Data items

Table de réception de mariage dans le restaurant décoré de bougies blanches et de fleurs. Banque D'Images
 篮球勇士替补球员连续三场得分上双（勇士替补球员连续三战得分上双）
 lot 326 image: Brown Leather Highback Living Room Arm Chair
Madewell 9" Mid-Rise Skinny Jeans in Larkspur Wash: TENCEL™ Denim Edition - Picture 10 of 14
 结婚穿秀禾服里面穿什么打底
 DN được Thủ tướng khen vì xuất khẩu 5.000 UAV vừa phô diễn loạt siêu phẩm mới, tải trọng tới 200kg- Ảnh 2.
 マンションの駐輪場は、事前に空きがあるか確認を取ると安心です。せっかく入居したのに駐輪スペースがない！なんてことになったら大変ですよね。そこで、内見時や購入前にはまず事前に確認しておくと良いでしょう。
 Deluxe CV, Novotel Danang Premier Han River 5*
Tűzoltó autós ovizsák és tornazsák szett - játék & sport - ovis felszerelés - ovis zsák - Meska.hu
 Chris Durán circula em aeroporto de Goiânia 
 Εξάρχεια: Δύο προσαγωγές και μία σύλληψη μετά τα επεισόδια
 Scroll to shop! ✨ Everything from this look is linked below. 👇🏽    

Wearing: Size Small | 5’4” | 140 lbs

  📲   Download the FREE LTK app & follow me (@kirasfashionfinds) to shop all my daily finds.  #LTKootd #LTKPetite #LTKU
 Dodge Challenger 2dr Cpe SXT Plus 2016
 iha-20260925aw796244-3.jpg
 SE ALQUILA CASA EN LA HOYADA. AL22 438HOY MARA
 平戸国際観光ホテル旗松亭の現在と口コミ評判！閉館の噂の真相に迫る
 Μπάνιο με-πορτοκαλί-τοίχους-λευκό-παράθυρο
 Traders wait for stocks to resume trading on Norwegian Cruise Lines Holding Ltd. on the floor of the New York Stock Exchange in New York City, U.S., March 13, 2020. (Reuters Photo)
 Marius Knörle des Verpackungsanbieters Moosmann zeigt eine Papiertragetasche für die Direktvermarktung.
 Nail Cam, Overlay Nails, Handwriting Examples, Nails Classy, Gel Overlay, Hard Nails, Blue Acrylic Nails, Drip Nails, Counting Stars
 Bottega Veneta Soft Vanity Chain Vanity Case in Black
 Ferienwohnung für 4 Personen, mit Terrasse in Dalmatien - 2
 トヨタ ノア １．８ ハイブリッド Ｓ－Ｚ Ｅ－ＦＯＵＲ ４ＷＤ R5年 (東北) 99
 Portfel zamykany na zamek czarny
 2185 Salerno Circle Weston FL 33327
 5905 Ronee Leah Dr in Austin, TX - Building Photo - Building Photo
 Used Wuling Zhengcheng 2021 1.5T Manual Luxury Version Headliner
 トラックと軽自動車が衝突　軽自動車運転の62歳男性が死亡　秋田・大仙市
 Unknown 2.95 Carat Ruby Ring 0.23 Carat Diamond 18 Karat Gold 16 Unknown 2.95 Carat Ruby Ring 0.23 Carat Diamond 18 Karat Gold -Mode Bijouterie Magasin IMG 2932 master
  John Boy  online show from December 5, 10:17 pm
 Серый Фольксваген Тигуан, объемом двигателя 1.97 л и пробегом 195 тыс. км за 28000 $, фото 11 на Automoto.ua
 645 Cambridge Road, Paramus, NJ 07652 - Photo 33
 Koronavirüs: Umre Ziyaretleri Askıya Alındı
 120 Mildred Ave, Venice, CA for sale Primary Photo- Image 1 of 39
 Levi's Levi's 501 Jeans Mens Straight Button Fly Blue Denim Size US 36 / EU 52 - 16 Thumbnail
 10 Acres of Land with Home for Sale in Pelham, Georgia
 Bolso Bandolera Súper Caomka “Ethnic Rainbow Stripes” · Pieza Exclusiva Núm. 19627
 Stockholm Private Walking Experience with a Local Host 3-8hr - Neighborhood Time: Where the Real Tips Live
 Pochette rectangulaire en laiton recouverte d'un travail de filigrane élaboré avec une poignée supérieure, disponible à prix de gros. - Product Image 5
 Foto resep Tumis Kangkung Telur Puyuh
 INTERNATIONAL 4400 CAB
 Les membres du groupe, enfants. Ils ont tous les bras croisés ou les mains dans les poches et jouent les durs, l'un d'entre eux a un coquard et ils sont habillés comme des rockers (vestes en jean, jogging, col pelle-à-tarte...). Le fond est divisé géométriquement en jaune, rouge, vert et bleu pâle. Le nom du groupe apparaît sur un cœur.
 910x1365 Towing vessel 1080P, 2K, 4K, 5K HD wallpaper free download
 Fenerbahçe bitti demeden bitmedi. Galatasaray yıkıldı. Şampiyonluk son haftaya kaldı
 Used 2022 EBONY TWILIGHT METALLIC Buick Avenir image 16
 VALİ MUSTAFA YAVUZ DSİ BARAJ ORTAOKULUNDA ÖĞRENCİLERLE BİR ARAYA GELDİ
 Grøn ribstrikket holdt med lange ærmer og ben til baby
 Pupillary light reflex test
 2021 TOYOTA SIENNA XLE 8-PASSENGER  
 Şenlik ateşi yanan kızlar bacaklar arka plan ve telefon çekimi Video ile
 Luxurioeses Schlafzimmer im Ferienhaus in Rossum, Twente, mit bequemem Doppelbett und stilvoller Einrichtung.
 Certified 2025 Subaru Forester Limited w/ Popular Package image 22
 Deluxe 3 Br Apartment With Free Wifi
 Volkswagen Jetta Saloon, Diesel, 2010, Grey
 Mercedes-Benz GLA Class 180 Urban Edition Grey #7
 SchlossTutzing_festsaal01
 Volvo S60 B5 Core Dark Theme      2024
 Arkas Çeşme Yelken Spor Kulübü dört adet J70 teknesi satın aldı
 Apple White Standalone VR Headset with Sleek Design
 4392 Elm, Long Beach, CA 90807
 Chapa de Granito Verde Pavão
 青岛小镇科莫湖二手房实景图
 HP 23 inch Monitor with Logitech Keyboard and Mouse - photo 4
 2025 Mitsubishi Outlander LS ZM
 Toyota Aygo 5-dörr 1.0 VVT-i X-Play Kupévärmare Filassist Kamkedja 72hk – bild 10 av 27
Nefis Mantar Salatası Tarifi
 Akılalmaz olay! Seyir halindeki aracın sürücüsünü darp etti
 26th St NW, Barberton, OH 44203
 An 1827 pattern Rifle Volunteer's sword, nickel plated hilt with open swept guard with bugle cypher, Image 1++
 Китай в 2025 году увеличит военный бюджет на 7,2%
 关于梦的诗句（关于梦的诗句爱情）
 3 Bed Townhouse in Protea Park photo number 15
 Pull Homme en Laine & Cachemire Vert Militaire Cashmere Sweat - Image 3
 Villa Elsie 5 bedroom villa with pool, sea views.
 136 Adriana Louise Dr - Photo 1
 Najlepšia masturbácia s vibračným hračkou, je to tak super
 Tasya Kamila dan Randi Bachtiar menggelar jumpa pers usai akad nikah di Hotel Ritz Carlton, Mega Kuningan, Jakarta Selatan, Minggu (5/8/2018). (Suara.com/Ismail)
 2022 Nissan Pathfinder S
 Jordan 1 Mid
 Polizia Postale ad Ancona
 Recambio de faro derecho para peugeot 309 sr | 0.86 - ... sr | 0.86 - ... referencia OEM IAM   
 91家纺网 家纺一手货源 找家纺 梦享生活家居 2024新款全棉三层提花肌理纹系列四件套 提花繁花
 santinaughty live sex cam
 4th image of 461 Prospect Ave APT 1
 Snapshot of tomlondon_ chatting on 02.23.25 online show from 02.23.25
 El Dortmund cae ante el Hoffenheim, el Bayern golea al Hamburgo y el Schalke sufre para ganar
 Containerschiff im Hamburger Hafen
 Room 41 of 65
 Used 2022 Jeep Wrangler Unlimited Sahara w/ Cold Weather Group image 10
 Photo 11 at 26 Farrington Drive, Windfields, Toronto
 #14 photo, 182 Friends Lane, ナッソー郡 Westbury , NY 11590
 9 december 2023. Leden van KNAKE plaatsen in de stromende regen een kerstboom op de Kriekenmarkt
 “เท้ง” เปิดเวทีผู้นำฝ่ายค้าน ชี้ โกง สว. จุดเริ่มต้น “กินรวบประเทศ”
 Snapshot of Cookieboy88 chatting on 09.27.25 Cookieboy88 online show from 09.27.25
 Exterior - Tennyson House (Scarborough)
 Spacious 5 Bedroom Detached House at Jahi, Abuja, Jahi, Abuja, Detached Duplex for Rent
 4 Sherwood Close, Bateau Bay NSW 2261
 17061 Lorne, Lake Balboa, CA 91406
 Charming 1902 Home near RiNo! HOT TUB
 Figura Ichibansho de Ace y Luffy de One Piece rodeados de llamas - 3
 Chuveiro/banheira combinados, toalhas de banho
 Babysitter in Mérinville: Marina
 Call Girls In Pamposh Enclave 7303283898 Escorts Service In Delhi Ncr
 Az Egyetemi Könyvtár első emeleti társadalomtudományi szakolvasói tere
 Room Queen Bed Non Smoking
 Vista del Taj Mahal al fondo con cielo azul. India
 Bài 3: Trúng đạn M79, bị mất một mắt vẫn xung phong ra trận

**TASK DIRECTIONS**
Scan the entries above and copy each line where "Jeans" occurs.

**WORKED SOLUTION**
Madewell 9" Mid-Rise Skinny Jeans in Larkspur Wash: TENCEL™ Denim Edition - Picture 10 of 14
 Levi's Levi's 501 Jeans Mens Straight Button Fly Blue Denim Size US 36 / EU 52 - 16 Thumbnail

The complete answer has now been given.